- Exercise objective
Your copy should hold exactly the lines from the one containing "Vertbaudet - short vert - 10 ans" through the last line of the entries, and no pictures.
Top of Exercise inputs
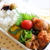 レンジで簡単ミートボール弁当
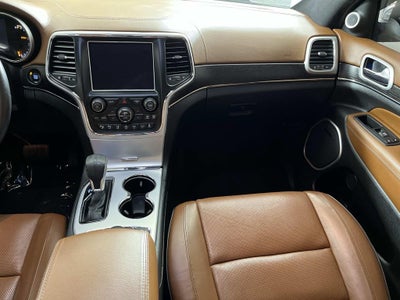 2018 Jeep Grand Cherokee Summit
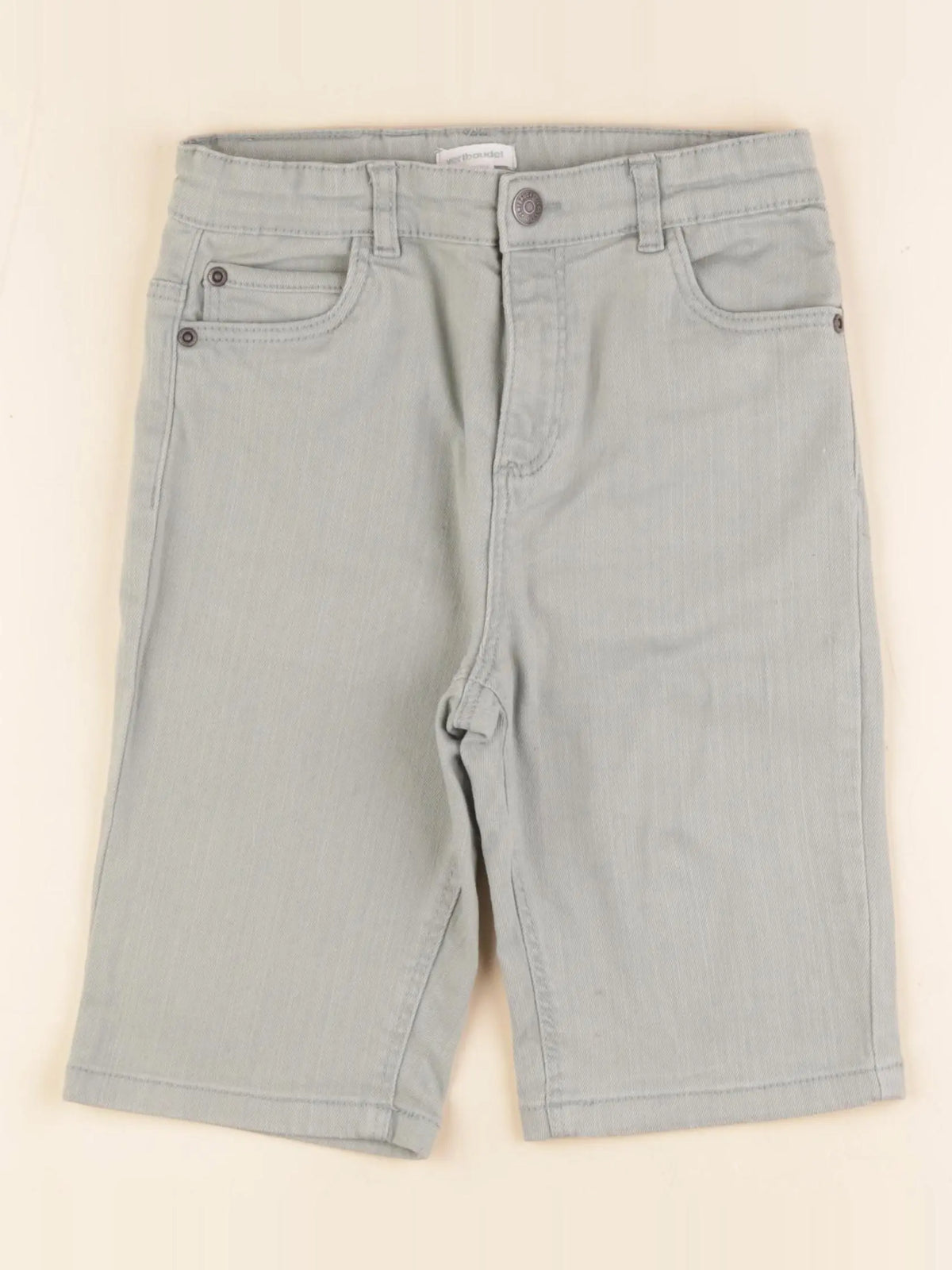 Vertbaudet - short vert - 10 ans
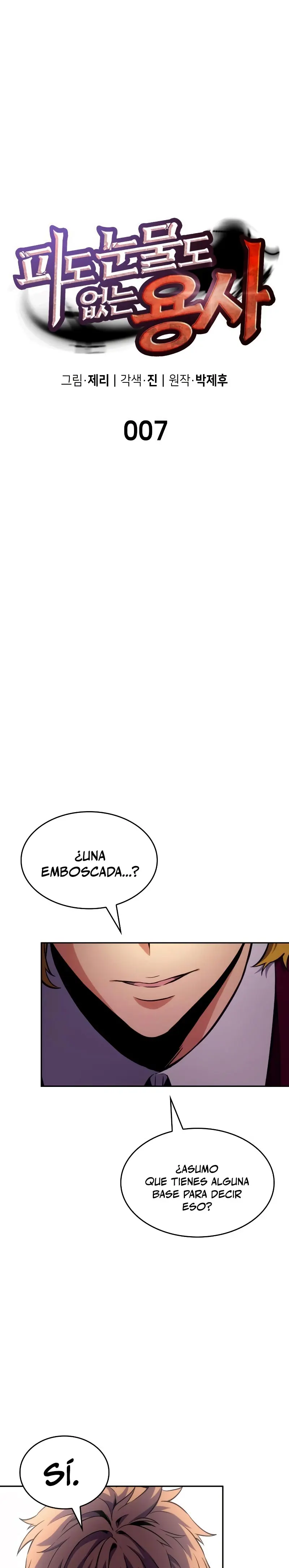 El Guerrero Despiadado - Capítulo 7 - Página 10 - LectorTMOo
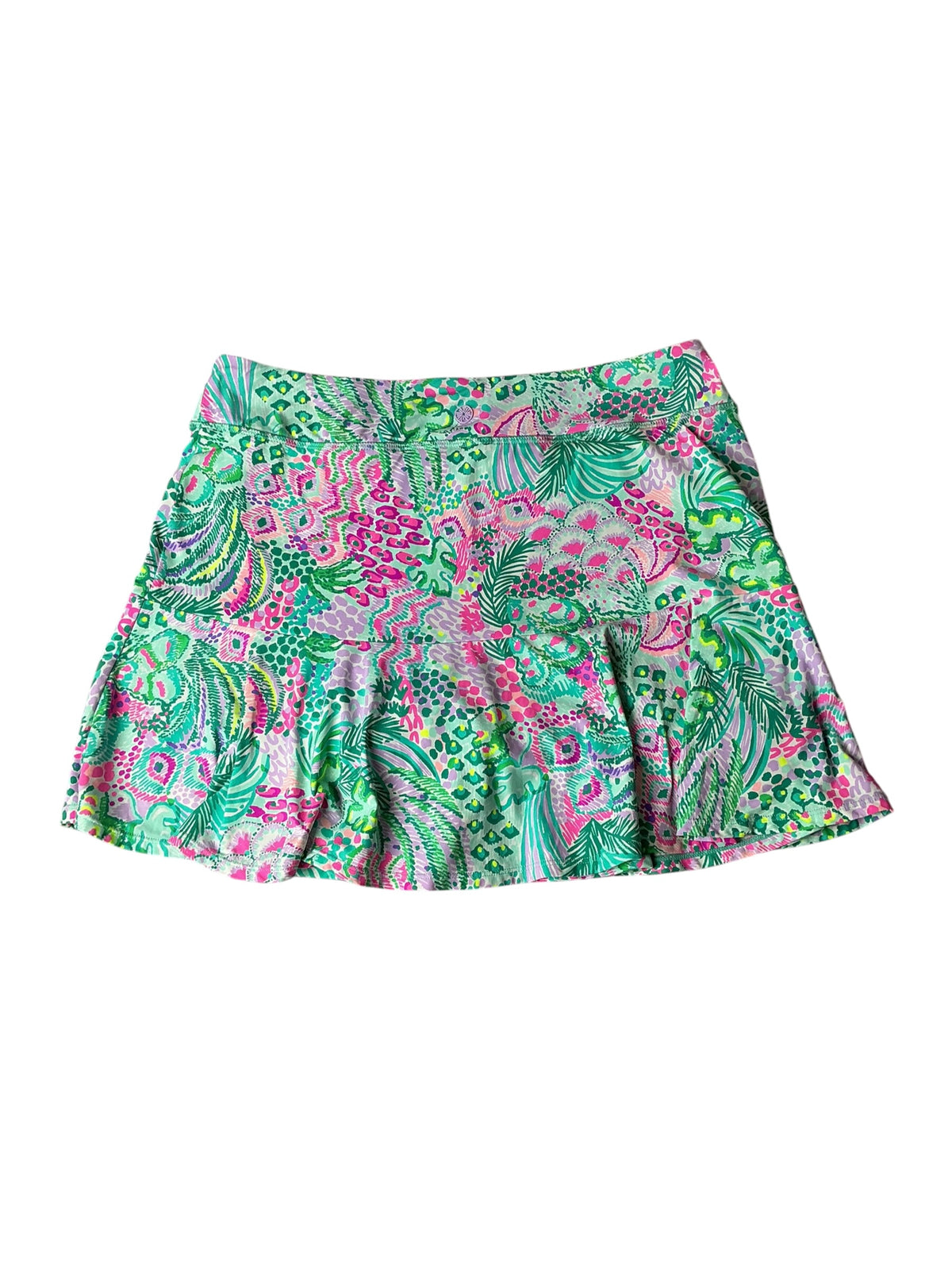 Lilly Pulitzer Luxletic Aila Skort Journey to the Jungle - Size L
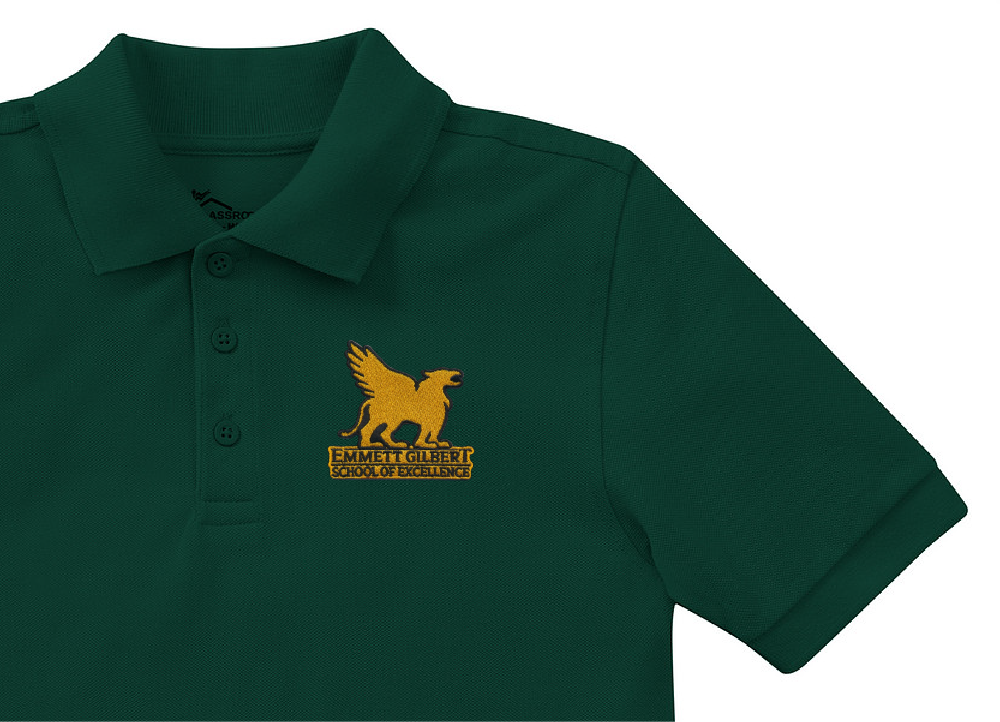 Emmett Gilbert Polo - Dark Green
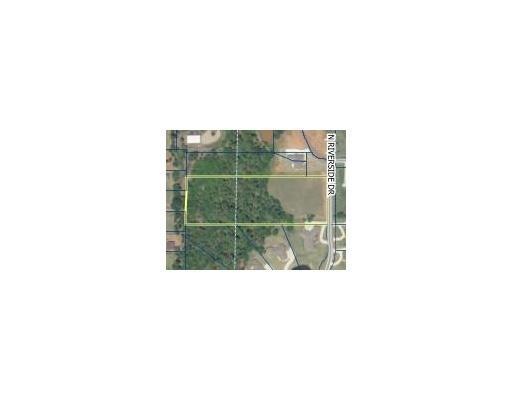 Aerial View. The rectangle includes 2 lots, each a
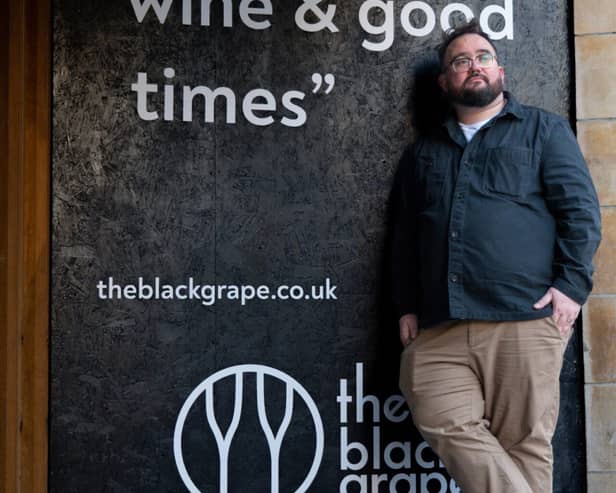 BLACK GRAPE -2x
Bottom of Exercise inputs
- Answer
 Vertbaudet - short vert - 10 ans
 El Guerrero Despiadado - Capítulo 7 - Página 10 - LectorTMOo
 Lilly Pulitzer Luxletic Aila Skort Journey to the Jungle - Size L
 Emmett Gilbert Polo - Dark Green
 Aerial View. The rectangle includes 2 lots, each a
 BLACK GRAPE -2x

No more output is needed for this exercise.